> [Task statement]: Below are some records; repeat them all exactly, minus the pictures.

*** Exercise data Section Begins ***

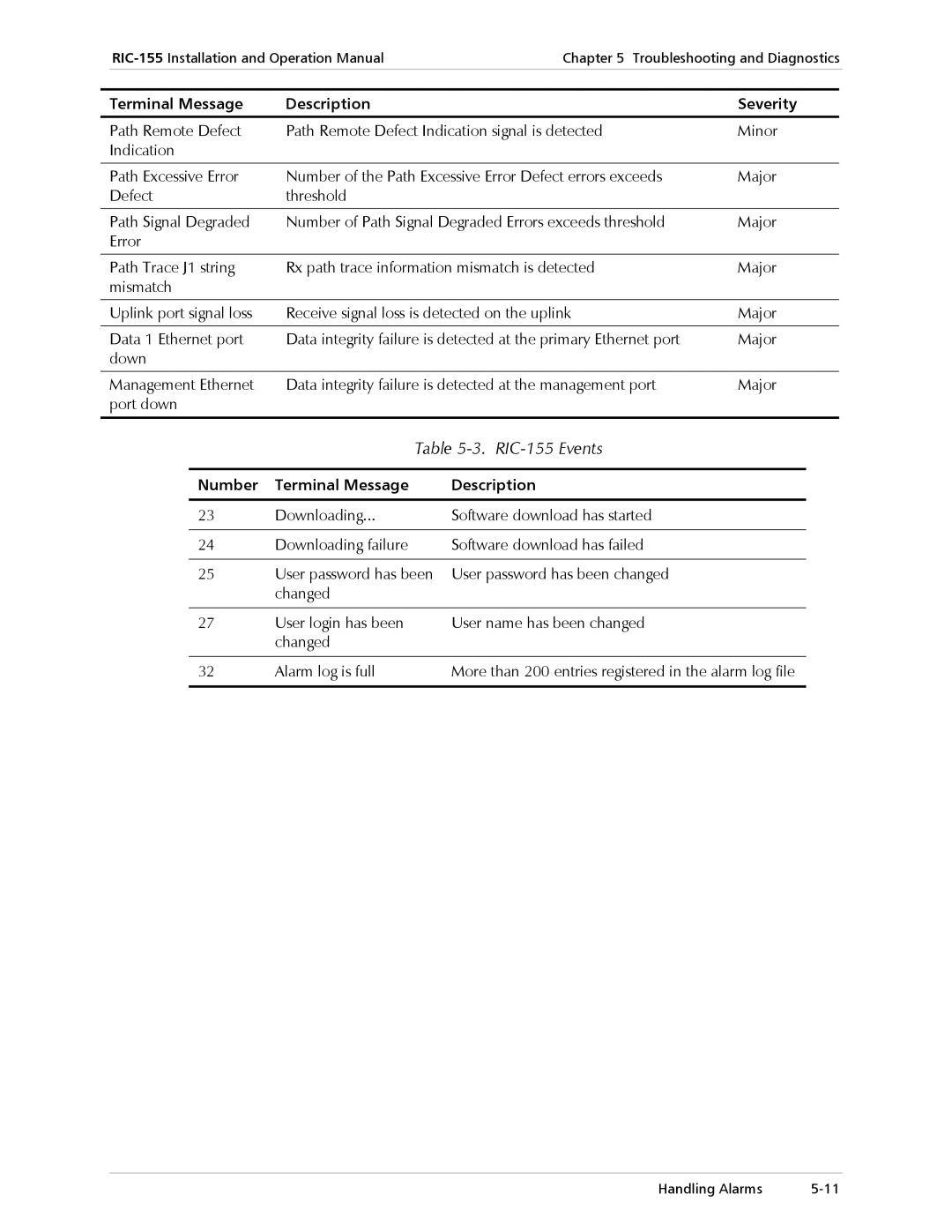 RAD Data comm operation manual RIC-155 Events, Number Terminal Message Description 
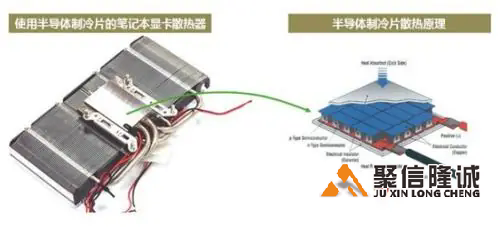 12705半導體制冷片的制冷能力有多大？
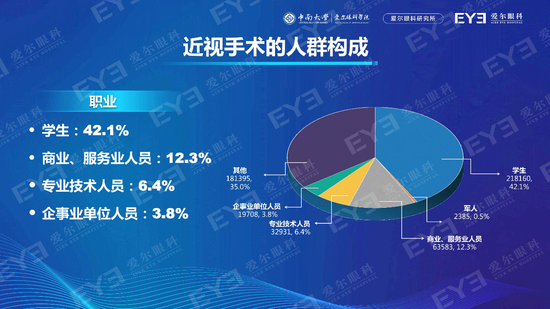  20-24岁“学生党”对新技术接受度更高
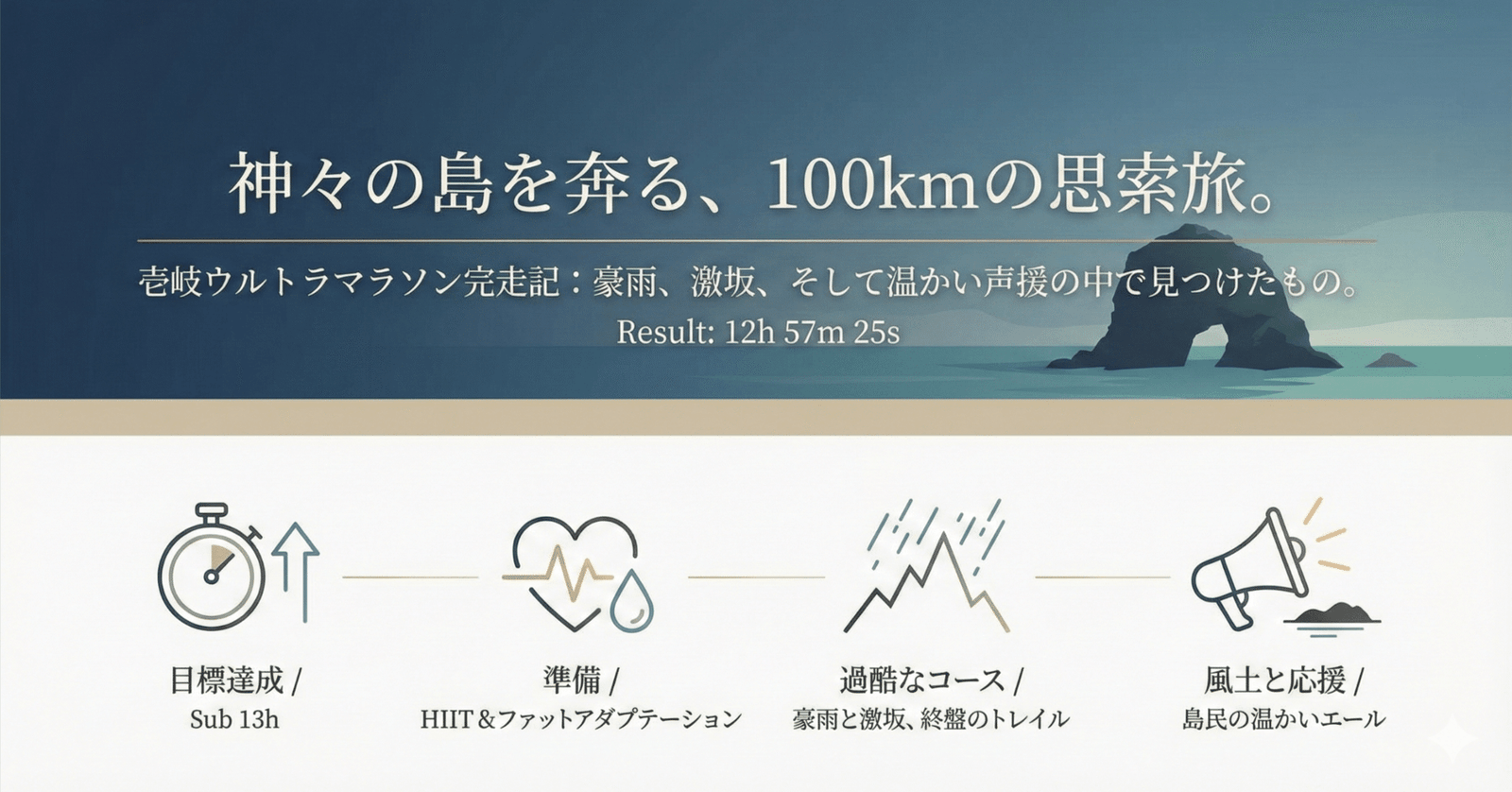神々の島 壱岐ウルトラマラソン2025の記録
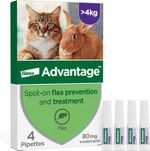 Spot On Flea Treatment for Large Cats and Rabbits Over 4kg (80mg), 4 Pipettes
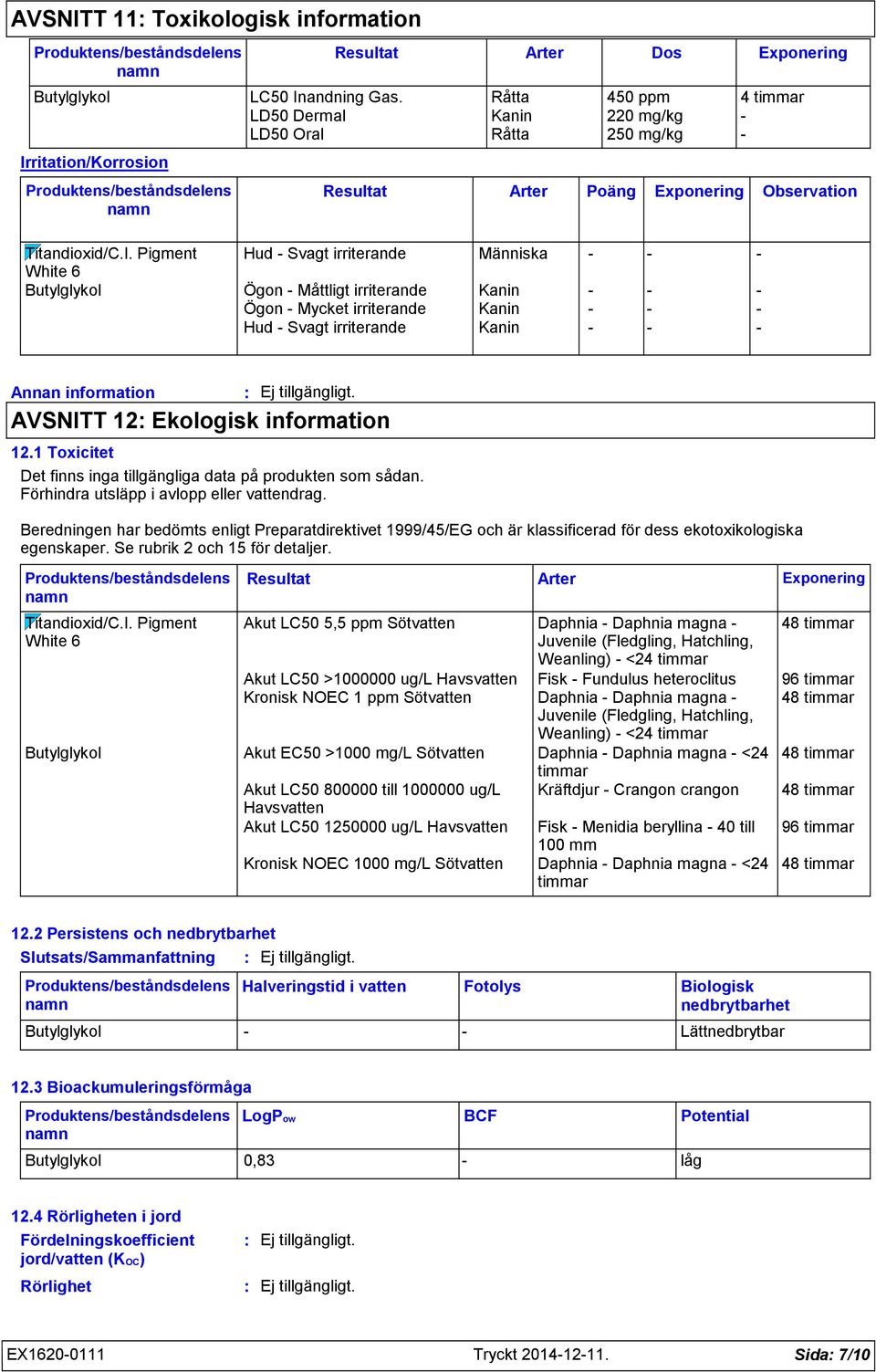 ritation/Korrosion Resultat Arter Poäng Exponering Observation Titandioxid/C.I.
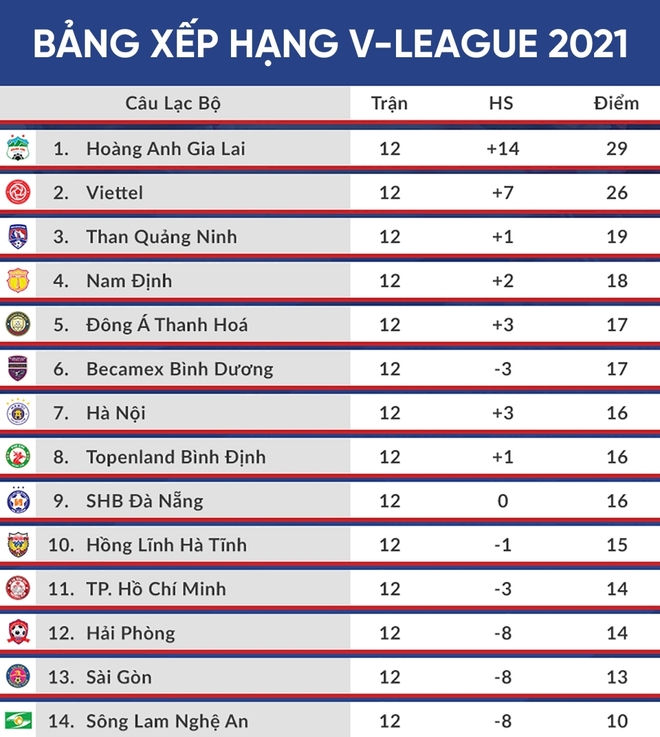 HAGL liệu có thể là ứng viên vô địch V-League 2022? - Ảnh 1.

*** Exercise data Section Ends ***

> [Output]:
 RAD Data comm operation manual RIC-155 Events, Number Terminal Message Description 
 12705半導體制冷片的制冷能力有多大？
  20-24岁“学生党”对新技术接受度更高
神々の島 壱岐ウルトラマラソン2025の記録
 Spot On Flea Treatment for Large Cats and Rabbits Over 4kg (80mg), 4 Pipettes
 ritation/Korrosion Resultat Arter Poäng Exponering Observation Titandioxid/C.I.
 HAGL liệu có thể là ứng viên vô địch V-League 2022? - Ảnh 1.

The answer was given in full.